Finance minister Mthuli Ncube says government has set aside $310 million for all the provinces and Mashonaland Central is the first recipient .
This is in its efforts to promote its devolution drive and President Emmerson Mnangagwa has previously made that commitment clear.
Speaking at a panel discussion at the Youth Indaba in the capital last week, Ncube said the allotted funds were the fastest way to boost economic growth at the grassroots level.
“For us as government the quickest trickle down effect is the decentralisation funding that we have allocated, it is $310 million across all the provinces,” he said.
Ncube said the government will begin the funding process with Mashonaland Central with his ministry providing regular updates.
“We are starting with Mash Central, what we are going to be doing from now on, we are going to be announcing about each and every project that government is funding in each province and each rural district and we are starting with Mash Central,” he said.
Ncube urged youths to apply to access these funds but emphasised the funds were not for “buying cars and supporting administration” but were specifically for project initiatives.
The finance minister also defended the recent introduction of Real Time Gross Settlement (RTGS) dollars as the country’s local currency.
“RTGS dollar whether you like the name or not is domestic currency now.

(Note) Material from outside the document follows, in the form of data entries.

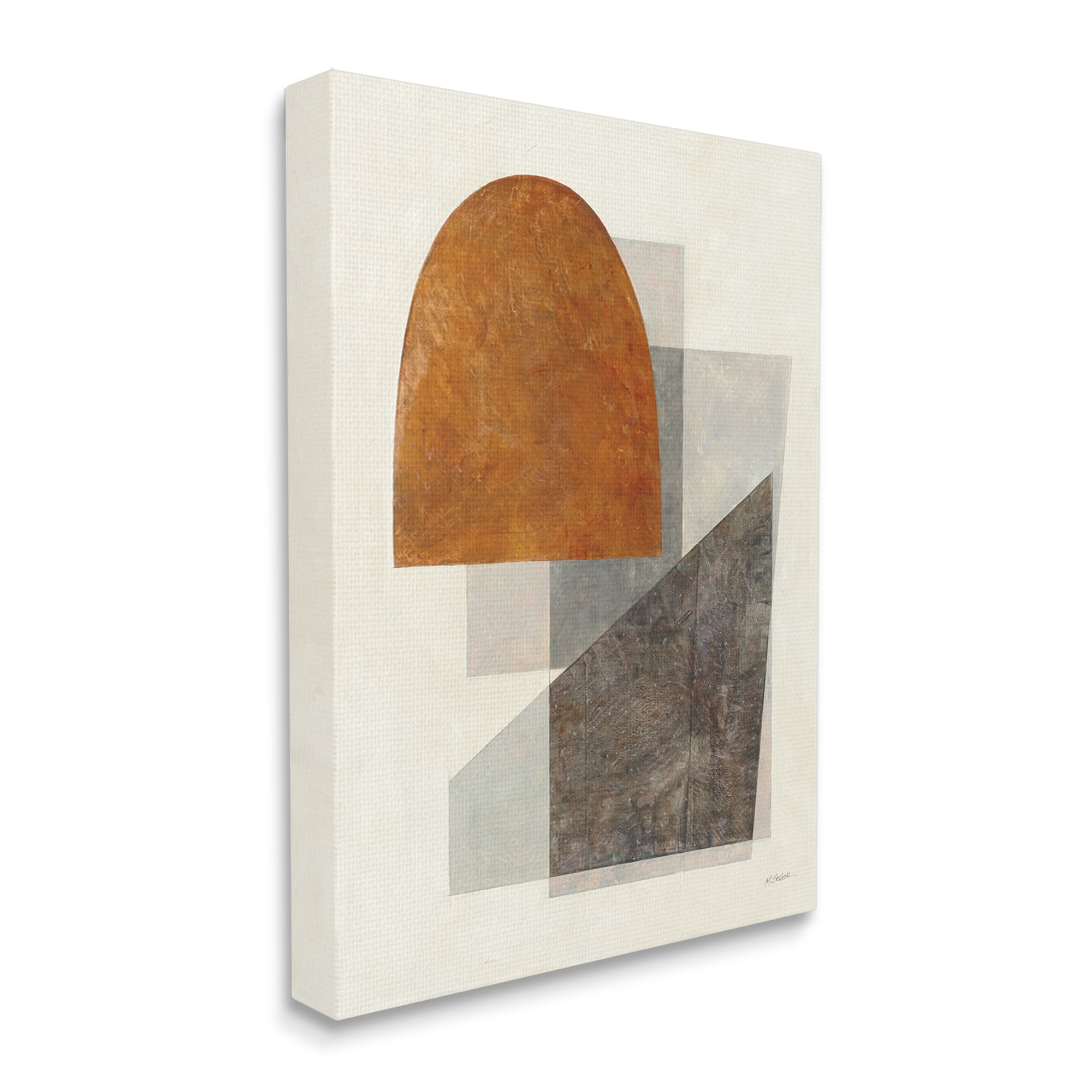 Stupell Industries Earthy Geometric Shapes Abstract Painting Gallery Wrapped Canvas Art Print Wall Art, 30 x 40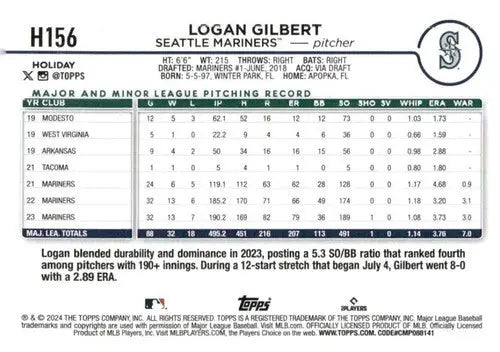 2024 Topps Holiday H156 Logan Gilbert Mariners baseball card NM-MT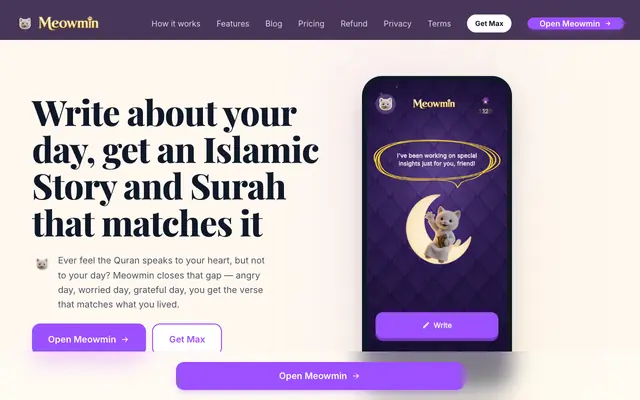 Screenshot of Meowmin — the AI journal for Muslims | Quran reflections & dhikr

I and the Governor [Mangudya] will defend its value that’s our job,” Ncube said.
He said foreign investors would now find Zimbabwe an even more attractive option as it had reduced risk as a future market-based economy.
“So I want to explain that we are creating this market led economy, this private sector led economy, brick by brick and they should invest in Zimbabwe.
“I keep saying that I was saying that on Bloomberg, I’ve said it on CNN with Richard Quest that Zimbabwe is the cheapest buy in Africa in terms of investment and it has gotten cheaper because they were coming here at 1:1 now they are coming at 1:2,5 or where ever the exchange rate is headed,” he said.
The minister said that the rate would not be pegged at the initially announced rate of United States $1 to Zimbabwe’s RTGS $2,5 but would rather be determined by market forces.
“Our job is to manage the volatility but not the level those of you who did statistics that is the difference between standard deviation and the mean, we manage standard deviation not the mean, it can go anywhere,” he said.
The panel discussion was focused on critical skills development in modern Zimbabwe
It included youthful captains of industry such as Natalie Jabangwe, chief executive officer of Ecocash, Eugene Peters from Spidex Media and Simba Mhuriro from Oxygen Energy.